* [How to complete this task]:
Print the listing in its entirety and exactly, leaving out images.

* [Recorded information]:
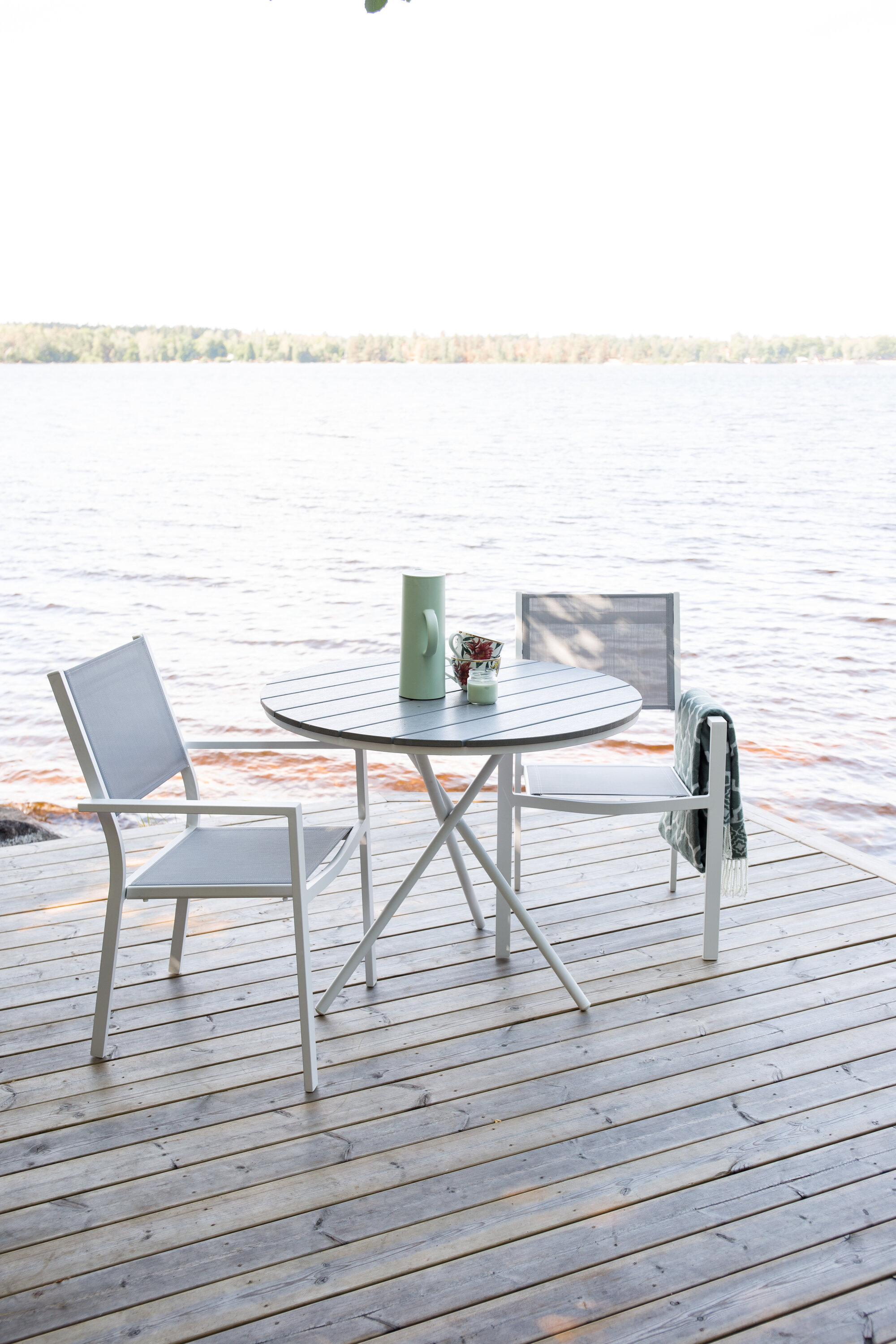 Parvekeryhmä Venture Home Parma/Copacabana, Ø90cm pöytä + 2 pinottavaa tuolia, harmaa/valkoinen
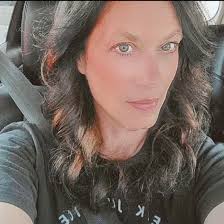 What churches in Lake Havasu have a youth group for teenagers?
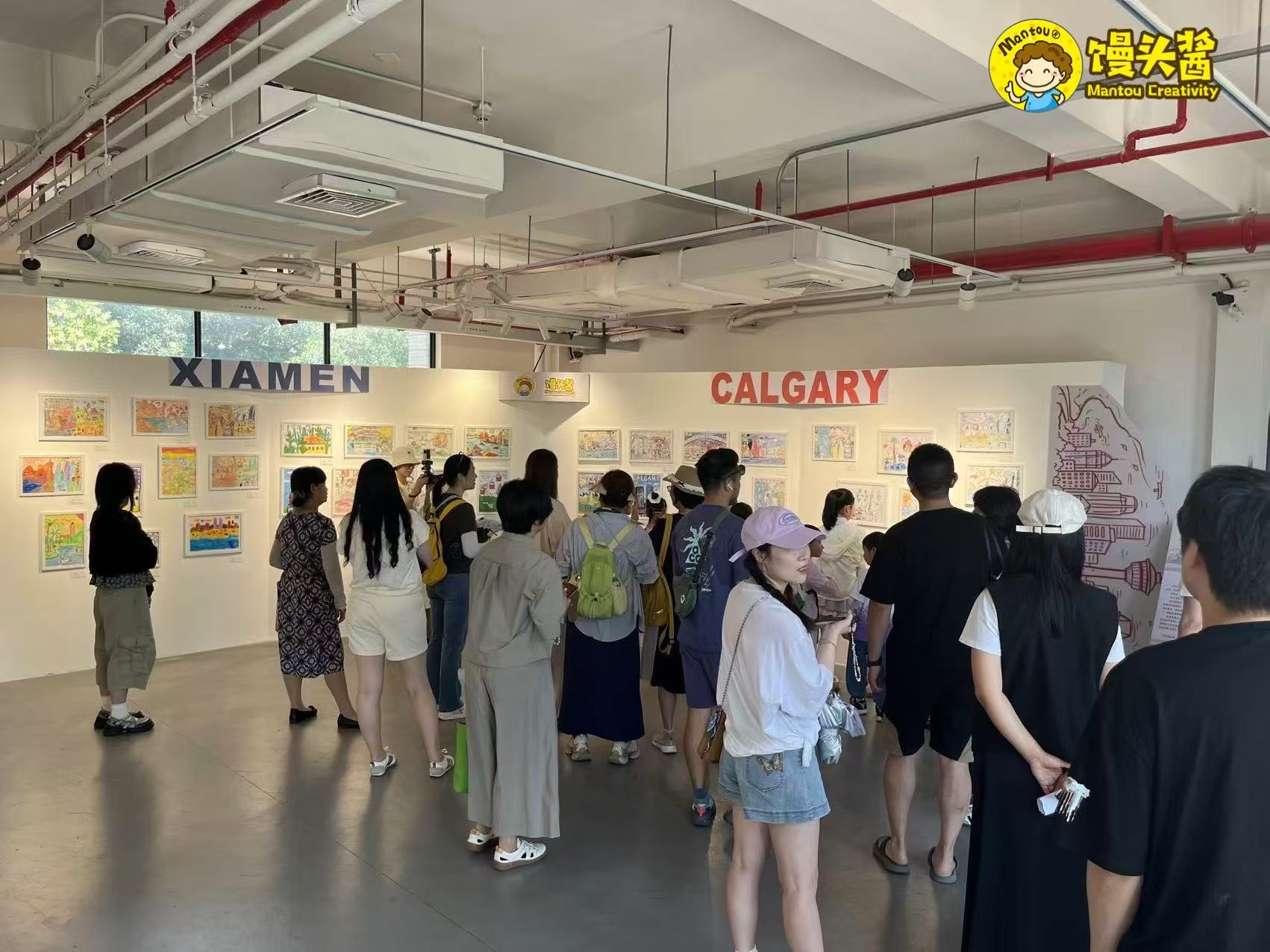 Visitors gathered at the Putong Children's Art Festival second edition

* [Task output]:
 Parvekeryhmä Venture Home Parma/Copacabana, Ø90cm pöytä + 2 pinottavaa tuolia, harmaa/valkoinen
 What churches in Lake Havasu have a youth group for teenagers?
 Visitors gathered at the Putong Children's Art Festival second edition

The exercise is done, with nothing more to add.